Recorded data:
Content starts
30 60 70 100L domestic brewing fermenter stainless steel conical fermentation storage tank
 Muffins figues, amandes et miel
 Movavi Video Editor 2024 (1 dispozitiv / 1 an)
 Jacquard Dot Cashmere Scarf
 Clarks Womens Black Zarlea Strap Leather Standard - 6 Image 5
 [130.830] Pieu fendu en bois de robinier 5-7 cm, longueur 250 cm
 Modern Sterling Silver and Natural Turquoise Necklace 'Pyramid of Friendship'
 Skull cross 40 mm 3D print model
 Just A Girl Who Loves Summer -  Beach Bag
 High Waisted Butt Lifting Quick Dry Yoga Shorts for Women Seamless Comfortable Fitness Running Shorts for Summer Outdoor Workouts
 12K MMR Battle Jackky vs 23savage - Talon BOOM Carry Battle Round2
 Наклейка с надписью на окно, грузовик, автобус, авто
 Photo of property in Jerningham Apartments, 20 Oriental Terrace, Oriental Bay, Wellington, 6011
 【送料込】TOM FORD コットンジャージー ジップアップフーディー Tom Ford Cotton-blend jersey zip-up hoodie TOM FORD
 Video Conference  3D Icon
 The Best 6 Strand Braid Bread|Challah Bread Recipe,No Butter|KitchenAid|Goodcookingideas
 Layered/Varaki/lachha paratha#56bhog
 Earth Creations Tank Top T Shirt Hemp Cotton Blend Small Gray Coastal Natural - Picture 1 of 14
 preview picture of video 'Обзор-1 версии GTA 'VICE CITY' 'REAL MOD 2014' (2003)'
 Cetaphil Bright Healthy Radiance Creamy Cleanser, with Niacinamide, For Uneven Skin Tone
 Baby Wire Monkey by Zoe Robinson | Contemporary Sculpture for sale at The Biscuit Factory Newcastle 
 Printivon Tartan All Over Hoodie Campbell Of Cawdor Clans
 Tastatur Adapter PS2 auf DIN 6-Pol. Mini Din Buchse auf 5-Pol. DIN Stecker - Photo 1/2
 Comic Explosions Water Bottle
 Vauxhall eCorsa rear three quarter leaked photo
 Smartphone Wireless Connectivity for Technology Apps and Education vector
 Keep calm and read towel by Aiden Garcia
Content ends
- [PROBLEM DESCRIPTION]: Would you print exactly, and only, the lines of the data above from the line with "Clarks Womens Black" through the line with "Photo of property", inclusive?

- [EXERCISE RESPONSE]:
 Clarks Womens Black Zarlea Strap Leather Standard - 6 Image 5
 [130.830] Pieu fendu en bois de robinier 5-7 cm, longueur 250 cm
 Modern Sterling Silver and Natural Turquoise Necklace 'Pyramid of Friendship'
 Skull cross 40 mm 3D print model
 Just A Girl Who Loves Summer -  Beach Bag
 High Waisted Butt Lifting Quick Dry Yoga Shorts for Women Seamless Comfortable Fitness Running Shorts for Summer Outdoor Workouts
 12K MMR Battle Jackky vs 23savage - Talon BOOM Carry Battle Round2
 Наклейка с надписью на окно, грузовик, автобус, авто
 Photo of property in Jerningham Apartments, 20 Oriental Terrace, Oriental Bay, Wellington, 6011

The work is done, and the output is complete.